* [To do] Exactly as they appear, retype the lines from the one containing "- фото 20574" through the final line of the data below. Leave pictures out.
[Information given]
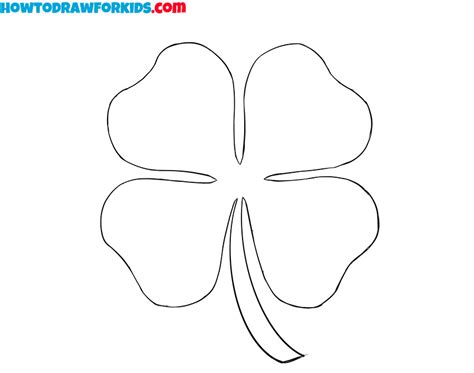 How To Draw A Four Leaf Clover Easy Drawing Tutorial For Kids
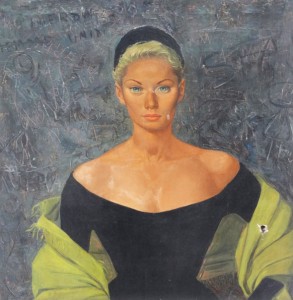 Tilda Tamar, movie star, (Detail) oil, Paris, 1950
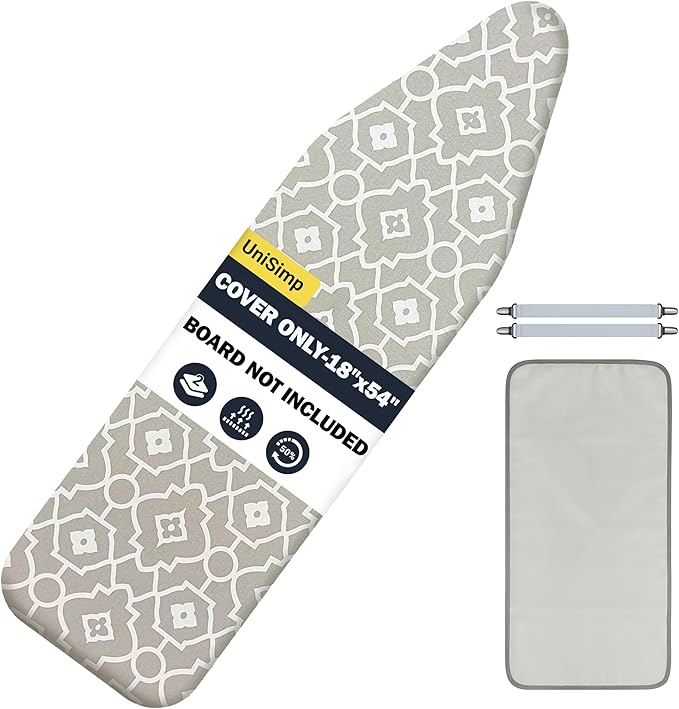 Ironing Board Cover and Pad 18"x54" Extra Thick Natural Cotton Scorch & Stain Resistant Iron Board Cover Extra large Iron Board Cover with Fasteners Heavy Duty Heatproof Elastic Edge Geometric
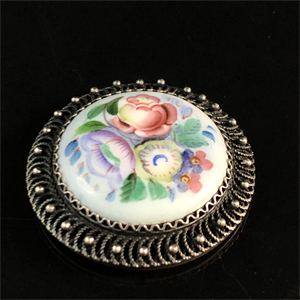 Брошь «Финифть», СССР, 1970-1980-е гг. 001828 - фото 20574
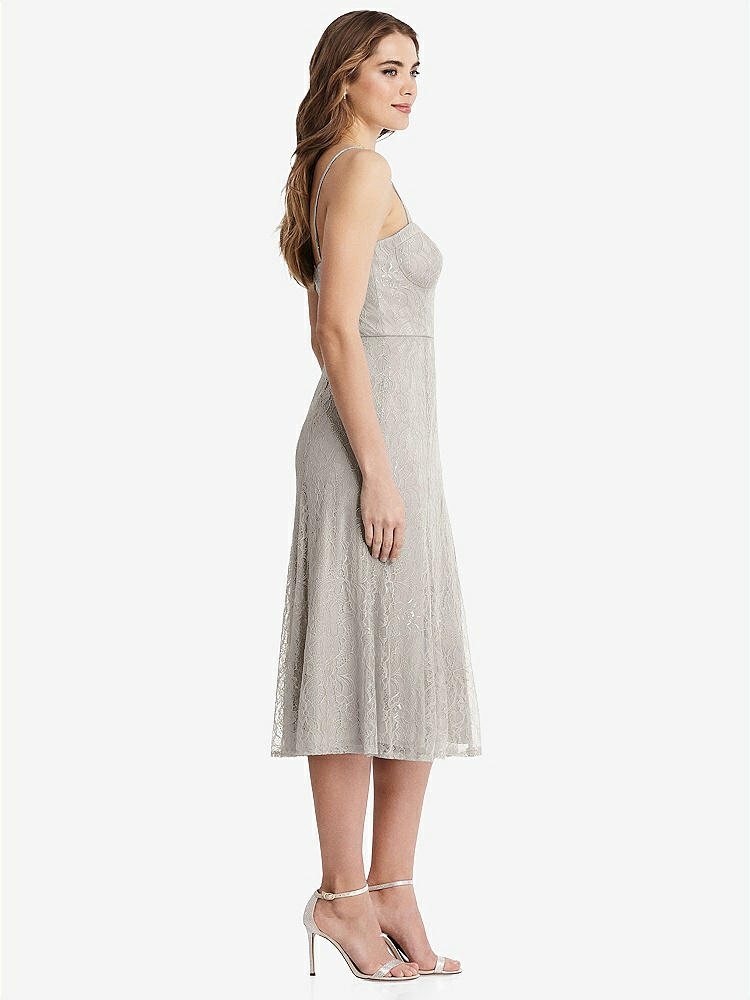 【STYLE: 1533】Lace Bustier Midi Dress with Spaghetti Straps【COLOR: Oyster】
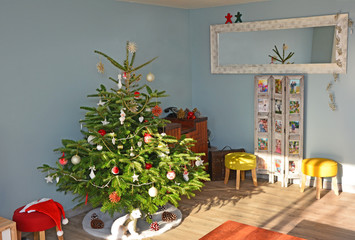 Christmas fir and decoration. 
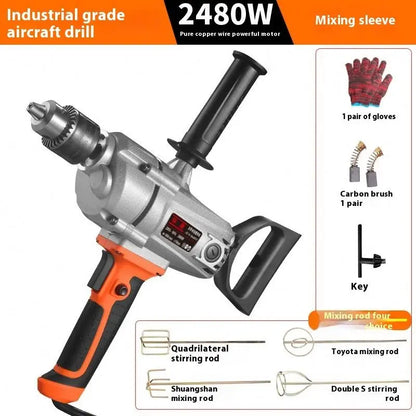 TEBAK Aircraft Drill High Power Mixer Construction Site Putty Powder Cement Beater Hand Drill Electric Drill Mixing Machine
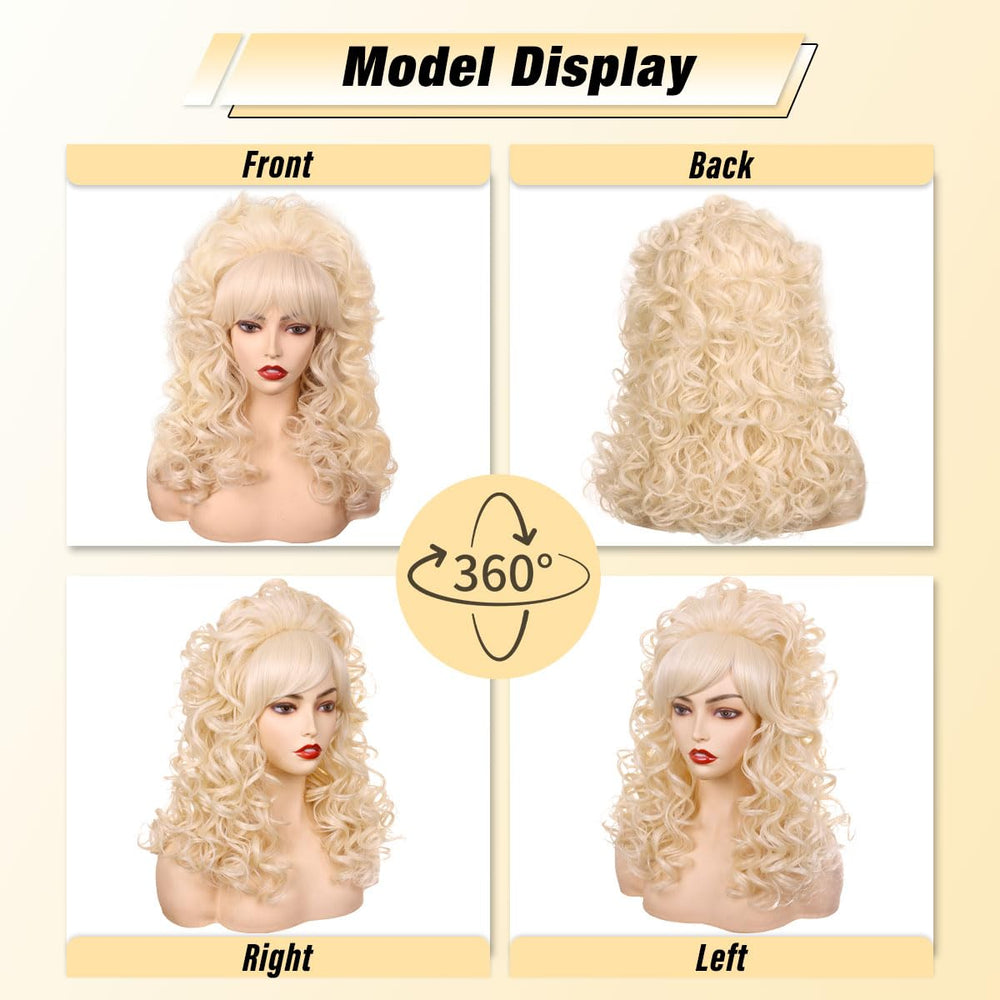 FantaLook blonde queen-costume wig for vintage cosplay and events.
[/Information given]
* [The answer]
 Брошь «Финифть», СССР, 1970-1980-е гг. 001828 - фото 20574
 【STYLE: 1533】Lace Bustier Midi Dress with Spaghetti Straps【COLOR: Oyster】
 Christmas fir and decoration. 
 TEBAK Aircraft Drill High Power Mixer Construction Site Putty Powder Cement Beater Hand Drill Electric Drill Mixing Machine
 FantaLook blonde queen-costume wig for vintage cosplay and events.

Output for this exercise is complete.